Inverters are sold in many wattages. As low at 100w, to 3,000 and even higher. I had a 1000W inverter in a prior trailer and that was plenty. It was wired to the battery (with a fuse) and gave me 110v power when not connected to shore power. I used it for air compressors, and power drills when I stored the trailer elsewhere and didn't have 110v close by. The inverter should be installed by someone who is well versed in electronics. I had it done by someone since it need an isolator and I don't know how to do that. An isolator helps protect the trailer when using multiple power sources (truck supply, shore power, solar panels or whatever you happen to have).

If might cost more overall, but it will be money well spent, over the lighter solution.


----------



## Hitch Pin (Sep 23, 2011)

artmart said:


> Just to understand, are you saying your CPAP runs off 110v AND 12v or did you mean 110v OR 12v?
> 
> If your 110v goes out, then so will the converter so it's better to run it from the battery with a fuse. Why don't you just skip the 12 outlet and install an "Inverter". Find out the wattage capacity for your CPAP then install the inverter which automatically converts the 12v battery to 110v for your CPAP. In other forums I belong to this is a very successful option. The reason is that the CPAP will always have power (from the batteries) and you don't have to worry about 110v not being available. When 110v is available then the converter helps keep the batteries charged anyway. Your only concern is keeping the batteries charged when not connected to shore power.
> 
> ...


The cpap will run on 110v or 12v. I have a power cable for the 12v hookup that plugs into a 12v outlet, I wonder if the inverter would draw more from the battery than it would if I ran it straight off the battery with the power cable?


----------



## artmart (Sep 21, 2010)

The CPAP directly connected to battery might use less amps than going through the inverter, because depending on the inverter it would need a small fan and maybe some LED for some power but expect these would be very very small amps.

On the power sense, going to direct to the battery would be better. But for just fractions more in amps, having more outlets of 110v available to use from the inverter for other things besides the CPAP machine might be an additional plus. I just picture you connect directly the CPAP to the battery and then you find it would be nice to have 110v for other things even though shore power is not available and the inverter would have been nice.

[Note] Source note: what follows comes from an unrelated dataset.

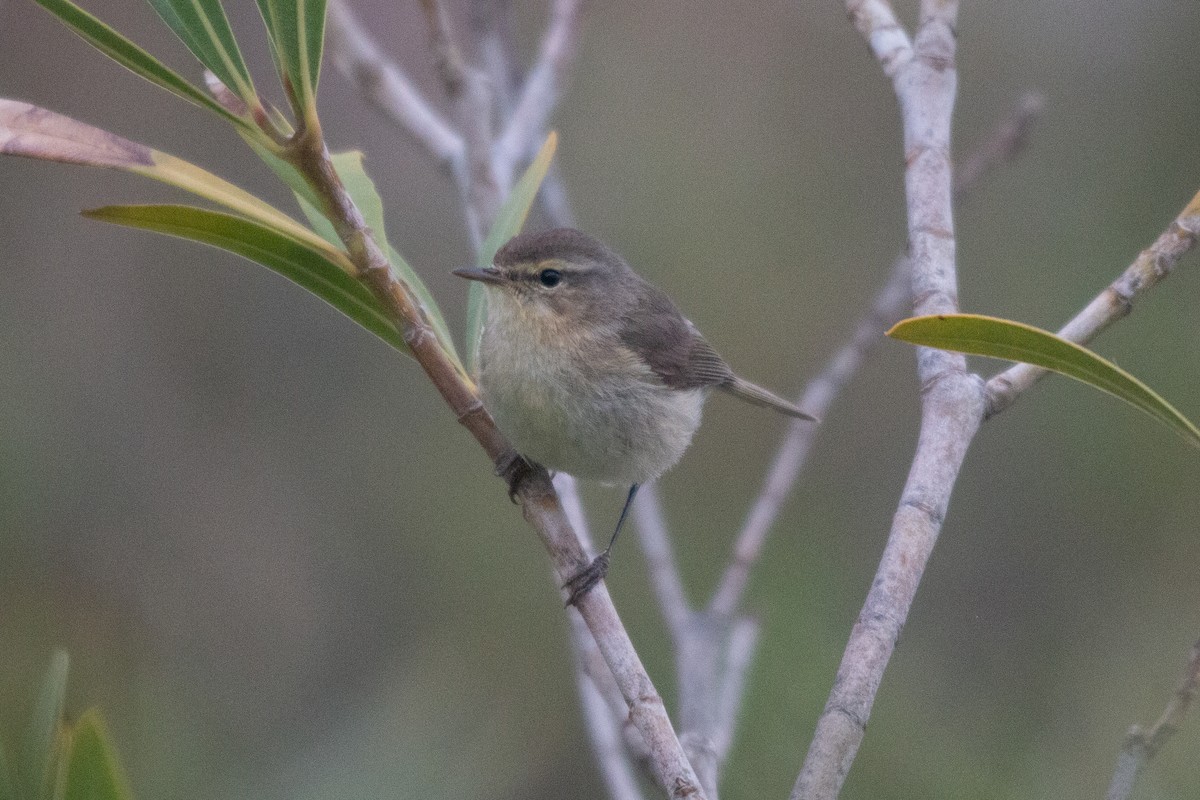 Canary Islands Chiffchaff - ML508412051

But it will be extra cost.

For now, to meet your need and to answer your question to satisfy your concern and to keep things less expensive, go straight to the battery with a fuse.


----------



## Shadow (Oct 24, 2011)

I would have to see the schematics for sure, but if it can run on 12Vdc, then what that probably means is when you plug it into 110AC, it is internally transforming and rectifying it down to the 12Vdc that it actually operates on. 

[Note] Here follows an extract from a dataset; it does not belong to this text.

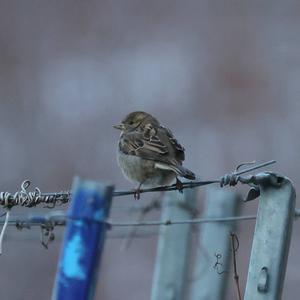 House Sparrow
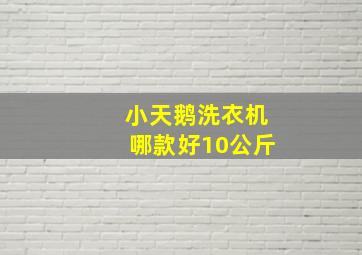 小天鹅洗衣机哪款好10公斤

Your best option is to install a 12V jack near the bed where you sit the CPAP and plug the unit into the jack. 

Now if you are running 110 from an outside source (like a electric included campsite) then the power used on AC isnt a problem, but if you are trying to get the AC by using an inverter plugged into a 12v jack, you are losing a bit of energy due to the converting power twice.. 

It would be like melting fresh snow in order to freeze it into ice cubes to put the the cooler. Would be easier to just put the snow in the cooler.


----------



## Hitch Pin (Sep 23, 2011)

Shadow said:


> if it can run on 12Vdc, then what that probably means is when you plug it into 110AC, it is internally transforming and rectifying it down to the 12Vdc that it actually operates on.


The statement above is right, thats how it works.


----------



## ezrv (Apr 25, 2011)

get 12 vdc power from the rv battery, it is charged from 115vac if available. Your lights wires may consume too much voltage drop when loaded with the cPAP. Measure it.


----------



## Bob7794 (Jun 6, 2012)

I taped on to 12v wires in my front pass thru compartment and put a receptical beside my bed for my CPAP. Prior to this I used an inverter. Without the inverter I use noticeably less power from the battery.


----------



## SMOKEY2348 (Jan 4, 2011)

Straight from the battery with an inline fuse. Some of the 12volt axillary plugs even come with a few feet of wire. No soldering needed, just crimp on your battery terminal ring connectors and you're good to go.


----------